◆ Required action
Give back the full listing exactly, setting the pictures aside.

◆ Given data
/---
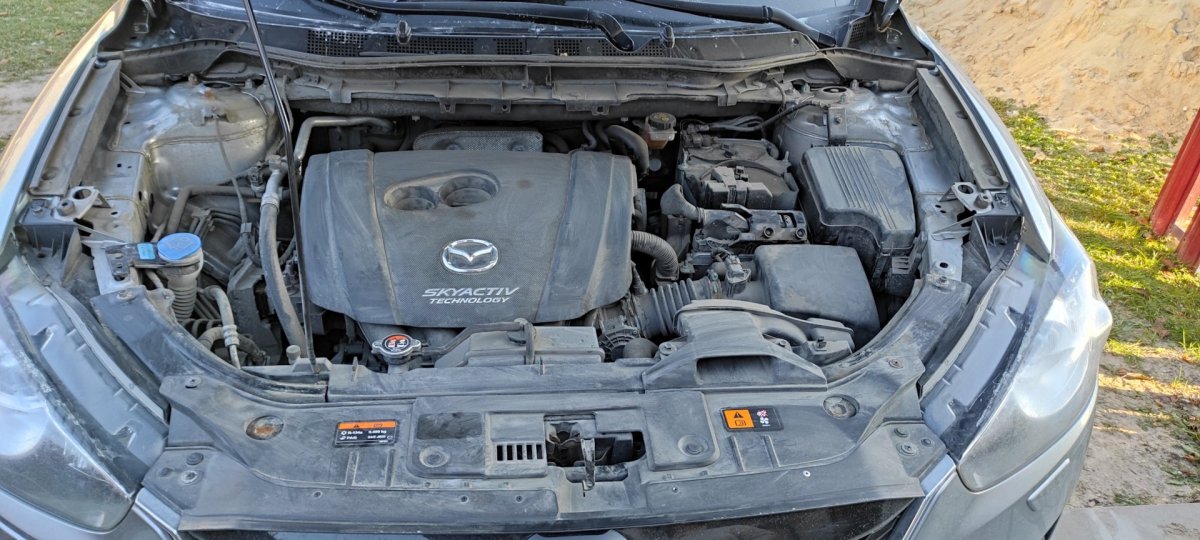 Мойка двигателя Мазда СХ-5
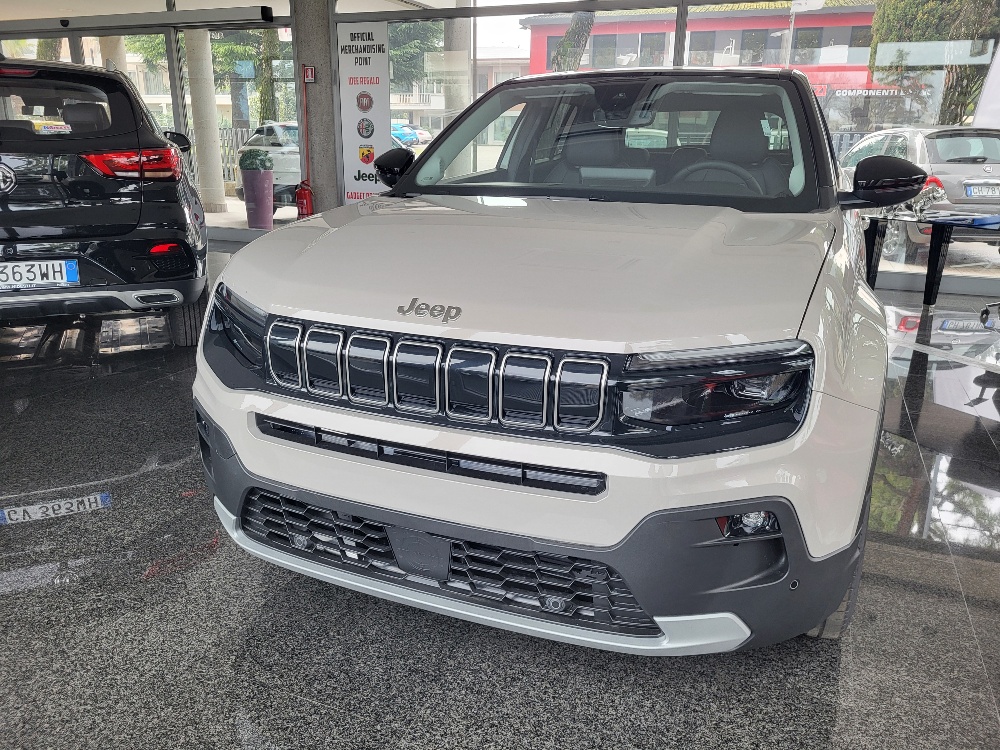 JEEP AVENGER 1.2 TURBO 100cv SUMMIT KM0 – VARI COLORI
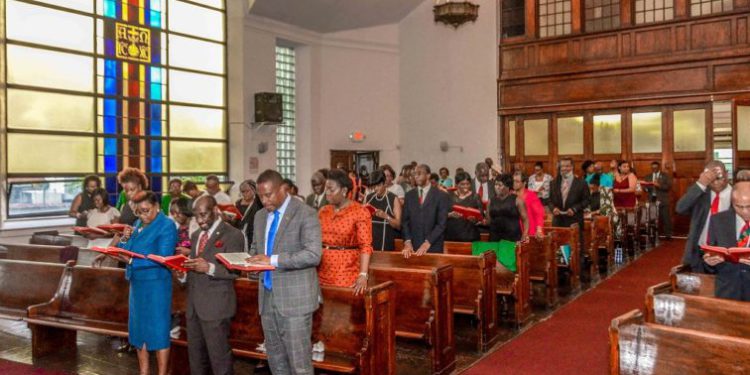 KABA Hosts Independence Anniversary Church Service Under the Theme: “A Vision For the Futur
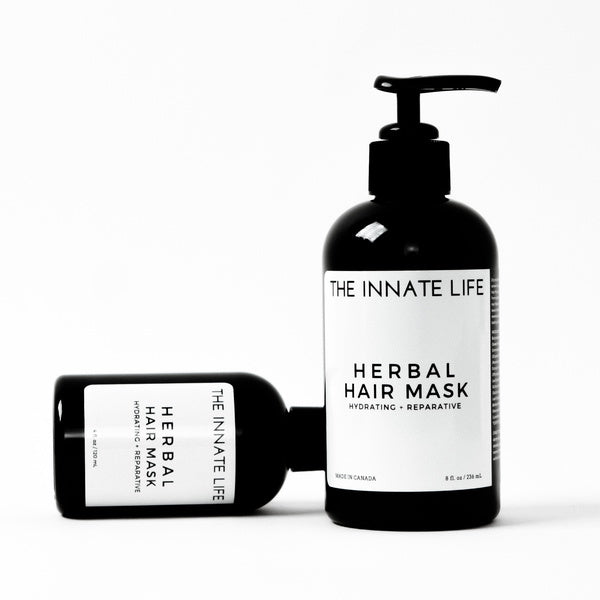 The Innate Life Herbal Hair Mask - both sizes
\---
◆ Exercise output
 Мойка двигателя Мазда СХ-5
 JEEP AVENGER 1.2 TURBO 100cv SUMMIT KM0 – VARI COLORI
 KABA Hosts Independence Anniversary Church Service Under the Theme: “A Vision For the Futur
 The Innate Life Herbal Hair Mask - both sizes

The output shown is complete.